Thank you Allison Gingras (Reconciled To You) and Elizabeth Riordan (Theology Is A Verb) for hosting Worth Revisiting.
Be sure to stop by every Wednesday. You will enjoy your visits.
I offer this reflection:
As We End This Year, We Would Do Well To Ponder "What Our Sentiments Will Be At The Hour of Death"
(Originally published December 31, 2013)
Source: Wikimedia Commons) |
We know our God is a God of
unlimited mercy.
So long as we have breath in our
earthly lungs and turn to Him in true repentance, seeking His forgiveness and
mercy, we will receive it.
But not a single human being can
presume upon God’s mercy, since He is also a God of Justice.
Presumption is, as the Baltimore Catechism
tells us, “a rash expectation of salvation without making proper use of the
necessary means to obtain it.”
We ignore God, His graces, promptings
and teachings at our eternal peril.
In order not to be caught by
surprise, we would do well as we end the old year and welcome in the new one, to
set aside sufficient time today to silently reflect on how we have lived this past
year and ponder whether or not we need to make adjustments in how we will live
the rest of our lives - be it seconds, minutes, weeks, months or years.

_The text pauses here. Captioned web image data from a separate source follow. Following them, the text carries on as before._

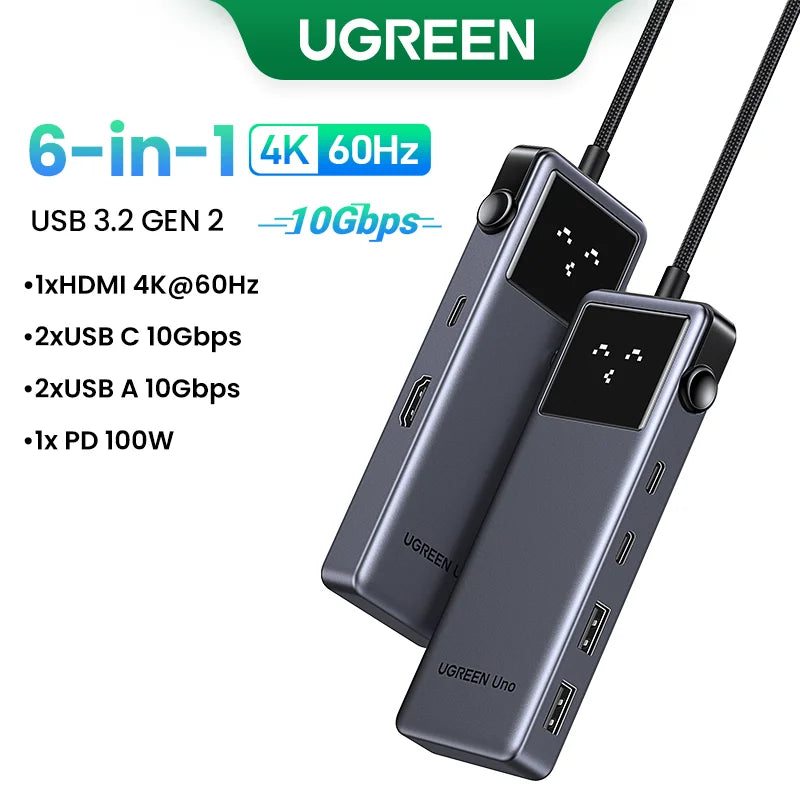 Hub USB-C UGREEN Uno 6 em 1 — 4K60Hz, PD 100W, USB 3.2 10Gbps, para MacBook e Notebook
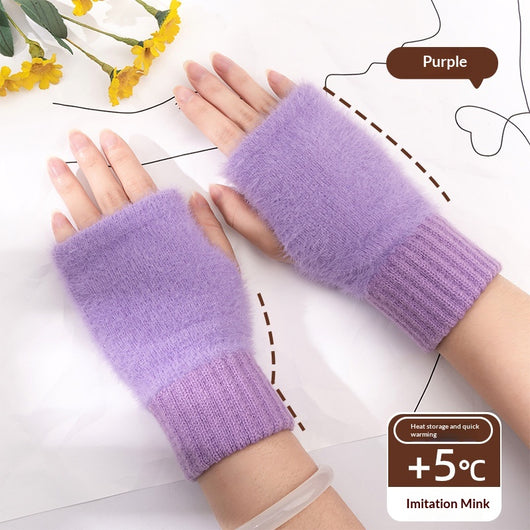 Guantes Térmicos de Punto con Dedos Libres y Forro Suave - Image 11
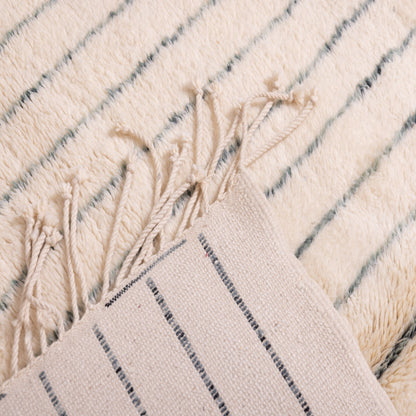Handmade Mrirt Rug – 100% Wool Moroccan Berber Carpet – Cream & Black Striped Wool Rug – Luxury Minimalist & Scandinavian Home Decor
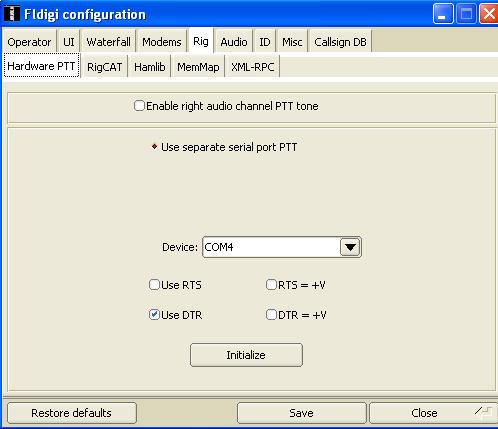 Software Configuration to enable DTR control of the Transmit Line Below is an image of the FLDigi configuration screen for hardware Control of the Radio s Push to Talk or Transmit line COM4 was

May the following challenging but
necessary reality check help us to make a fruitful reflection:
“O Christian soul, what will be your sentiments at the hour of death with
regard to this world and all its perishable goods, vain honors, false riches
and cheating pleasures. Alas! The world
must then end in your regard. It will
turn upside down before your eyes, and you will begin to see the nothingness of
all those things on which you had here set your heart. How will you then despise all worldly honors
and preferences when you see yourself at the brink of the grave, where the worm
will make no distinction between the king and the beggar. How little account, will you then make of the
esteem of men, who then will think no more of you. How will you undervalue your riches, which
now must be left behind you, when six feet of earth and a coffin and a shroud
will be all your possession. How
despicable will all worldly pleasures seem to you, which at the best could
never give you any true satisfaction, and now fly from you and dissolve into
smoke in your sight! Ah, my poor soul, enter now into the same sentiments,
which you shall certainly have at the hour of your death! Thus, and only thus, you shall be out of
danger of being imposed upon by this deceitful world."